Neither Mike Turner nor Colin Shrive (Your Say, Gazette, March 2) seem to agree with my financial interpretation regarding the UK contribution to Brussels. All I can say is my figures are from Governments statistics. My point, however, was should we leave the EU we would pay nothing.

In my letters about the EU I have never shown any political bias, as our future in Europe is above politics. Unfortunately, both Mr Turner and Mr Shrive resorted to political references, which was unnecessary.

For some reason they both highlighted financial matters, nothing about mass immigration and our welfare systems, sovereignty, border control, freedom of movement, our proposed Bill of Rights, self-governance, or law making. These matters are what concern most people.

Mr Turner’s definition of democracy is different from mine. I believe it means ‘Government of the people, by the people, for the people’ He believes it means Government by unelected bureaucrats. That is undemocratic, almost dictatorial. How can the people vote them out if they are dissatisfied?

Nor have they made any reference to the thousands of ‘directives’ issued by the European Commission that blight our lives, from banning mothballs, closing our post offices, refuse collection. More than 30,000 over the last 20 years. Some of these are not even debated in the Commons.

To me the question is – do I want to be governed by a regime over which ordinary people have no control, or governed by a democratically elected Parliament who the people can remove?

Derek Bunting

Birkdale Avenue

Blackpool

HEALTH

Nurse shortages must be tackled

Working in any environment experiencing staff shortages can be incredibly challenging and have potentially serious consequences.
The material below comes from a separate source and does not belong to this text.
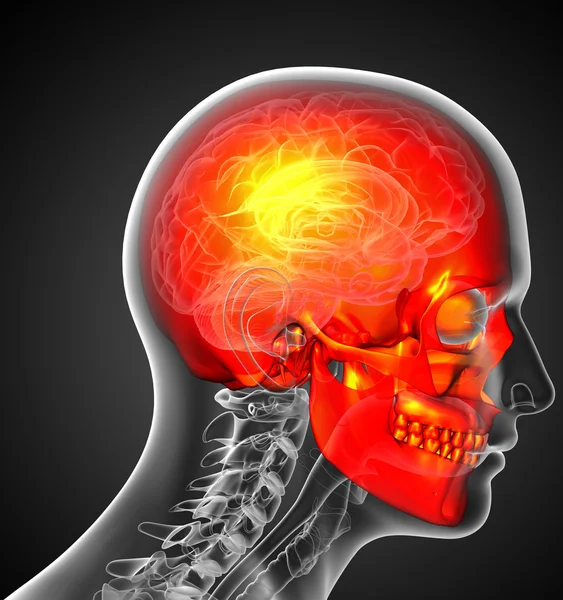 3d render medical illustration of the human skull — Stock Photo, Image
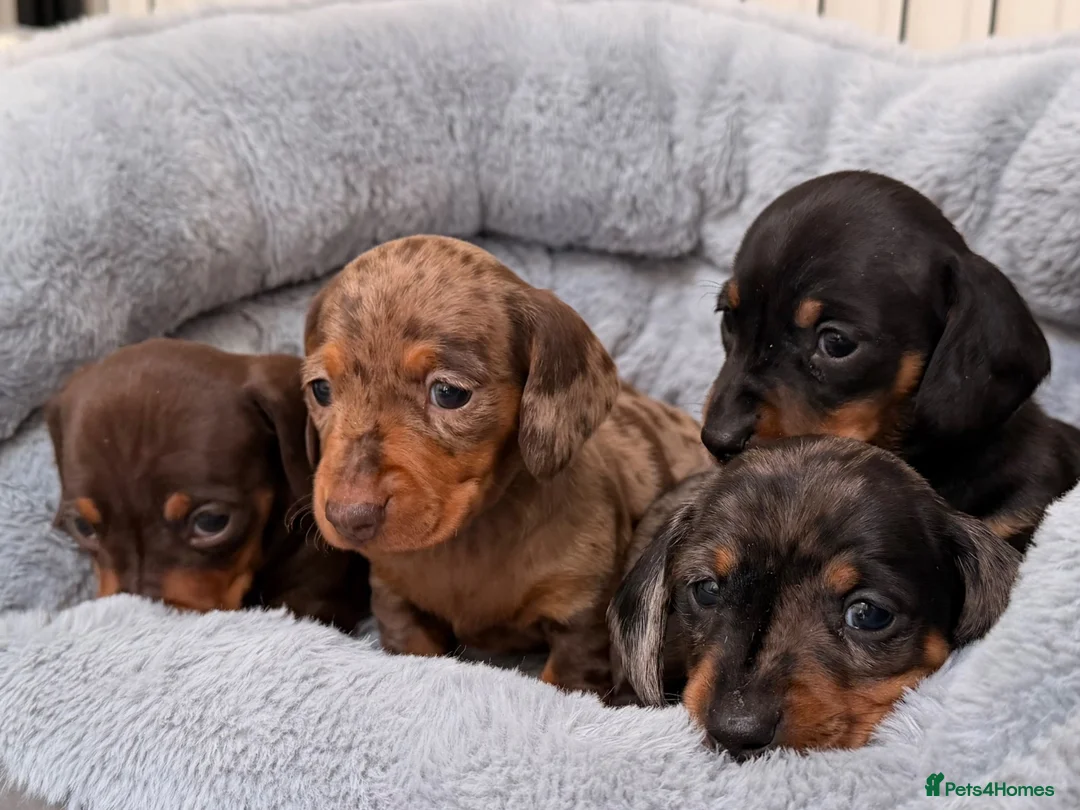 Miniature Dachshund dogs for sale: OUTSTANDING SMOOTH MINIATURE DACHSHUND PUPS  - Advert 1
This is particularly true of nursing.

New figures, obtained through Freedom of Information requests, suggest there were more than 1,876 nursing vacancies in the North West and some 23,400 nursing vacancies in the NHS in England, Wales and Northern Ireland as of 1st December last year. The latter is the equivalent to nine per cent of the workforce.

Sadly, this is no surprise to the Royal College of Nursing. Nursing posts are often the first target when savings need to be made, leading the NHS to find itself dangerously short and having to spend more on agency staff and recruitment from other countries. The UK is not training enough nurses to meet our needs and changes to student funding are yet another threat to staff.
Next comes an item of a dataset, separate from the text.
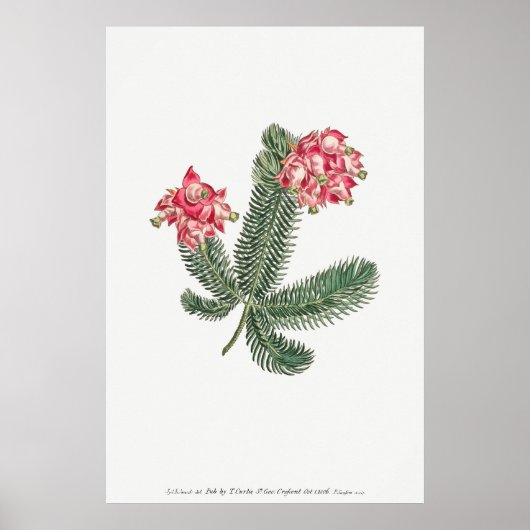 botanische illustratie poster (Voorkant)
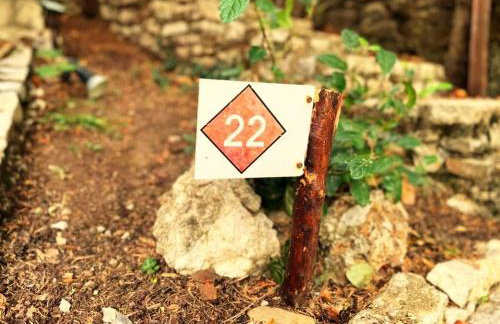 Pinecone Lodge, Eptalofos Wellness Garden Chalet - Foto 42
The consequences are felt by nursing staff and patients alike – nurses work under pressure and patients face delays and unmet needs.

Tackling the problem is made no easier because vacancies are no longer collected, held or published centrally, so we could effectively assess workforce gaps. Freedom of Information allows us some insight, but is by no means perfect.
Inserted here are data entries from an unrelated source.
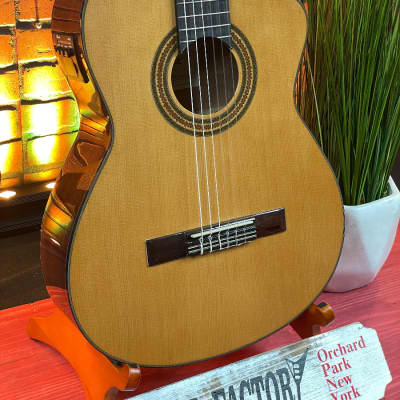 Ibanez GA Series GA6CE Classical Cutaway Acoustic-Electric Guitar Natural for sale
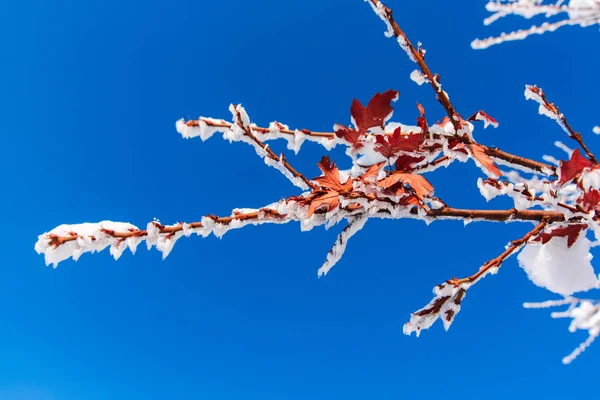 Niebieskie Niebo Śnieg Pokryte Gałęzie Drzew Sezon Zimowy — Zdjęcie stockowe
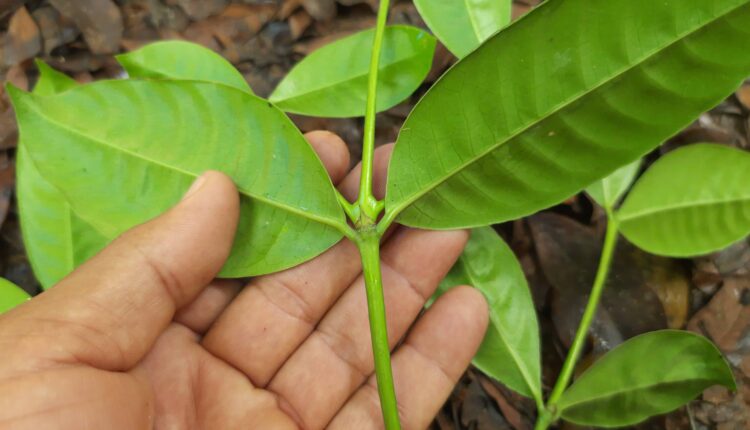 Folhas de Faramea occidentalis (L.) A.Rich. (2)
The gap between NHS staff needed and staff available must now be reduced as a matter of urgency.

Estephanie Dunn

Regional Director

Royal College of Nursing (RCN) in the North West

POLITICS

The PM is blissfully unaware of our fears

Cameron’s scare stories – repeated with such conviction – are because he knows that, if he remains as PM after a Brexit win, he has not got the strength or guts to give Britain the leadership that would be needed to overcome any of the ‘scare’ stories he is currently promoting, such as more crime, terrorism, price increases, however unlikely, if we were to leave the EU.

The real worry on the minds of most of us ordinary people is the state of the NHS, overcrowding in our schools, housing, congestion on our roads etc, due to immigration and larger families. Let alone the dilution of our culture, way of life and Britishness.

Mr Cameron seems blissfully unaware of these worries.

Greater protection of our borders and paying £20bn a year to the EU is not even on his radar.

“Will no one rid us of this troublesome PM” who is incapable of controlling his country, his party or even his own feelings?